The lateral support and piling design was undertaken by Southern Geotechnical Engineering. The Site is bordered by the Sinosteel Plaza (south) and The Emperor development (west), each with its own basement structures. The design of the lateral support system was especially challenging due to the size of the planned super basement and its relative closeness to the surrounding Sinosteel and The Emperor basement structures. To complicate matters further, land owners to the north and south of the new development initially withheld permissions for any lateral support elements to cross their boundary lines.
The geology of the site is rather complex with at least 3 distinctive zones that were identified in the geotechnical investigation reports namely 1) a western zone comprising weathered diabase, 2) a central zone comprising weathered granite and 3) an eastern zone (next to Rivonia Road), comprising a thick layer of diabase boulders. A perched groundwater level was encountered at an approximate depth of 10m.
The plan dimensions of the basement is around 78m by 61m, reaching a maximum excavation depth of around 12m to accommodate up to 3 basement levels. In some areas the basement structure comprises a double volume, requiring the lateral support system to span 7m vertically.
An innovative approach to the lateral support was required to address some of the problems already discussed. As such a variety of lateral support measures were utilised namely:
The initial plan along the southern boundary, next to the existing Sinosteel basement (around 6m deep), was to utilise perimeter piles with two rows of strand anchors. Due to the presence of the adjacent basement, the upper row of anchors could only be installed at a depth of approximately 6.0m below ground level (for the anchors to be installed underneath the basement and in-between the piles supporting the basement).

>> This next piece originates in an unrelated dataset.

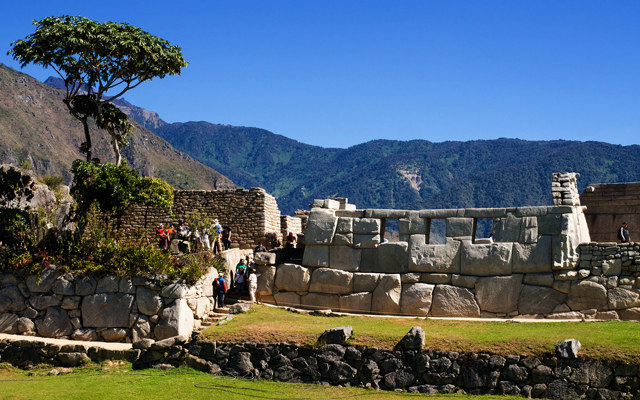 El templo de tres ventanas en Machu Picchu Tours a Machu Picchu 2023 - Paquetes Turísticos Tour MachuPicchu Travel - Viajes y Turismo en Perú
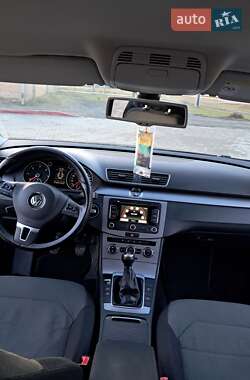 Универсал Volkswagen Passat 2011 в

It was immediately clear that the perimeter piles would be required to cantilever over a depth of around 6m (although for as very short period). This suggested that a substantial rock socket length would be required and that the piles will be subjected to very large moments. On the first day of installation of the perimeter piles, the required rock socket length could not be achieved due to the rapid hardening of the granite bedrock.
The only option that remained was to install a dense distribution of short soil nails (up to the edge of the next-door basement structure), and to consider both the soil nails and shotcrete as temporary (to be replaced by a permanent, conventional retaining wall). The situation was modelled using finite element methods which predicted movements around 40mm. Movements measured next door indicated that the existing lateral support moved around 50mm away from the existing basement structure (i.e. into the 161 Rivonia Road basement excavation). These movements have since stabilised.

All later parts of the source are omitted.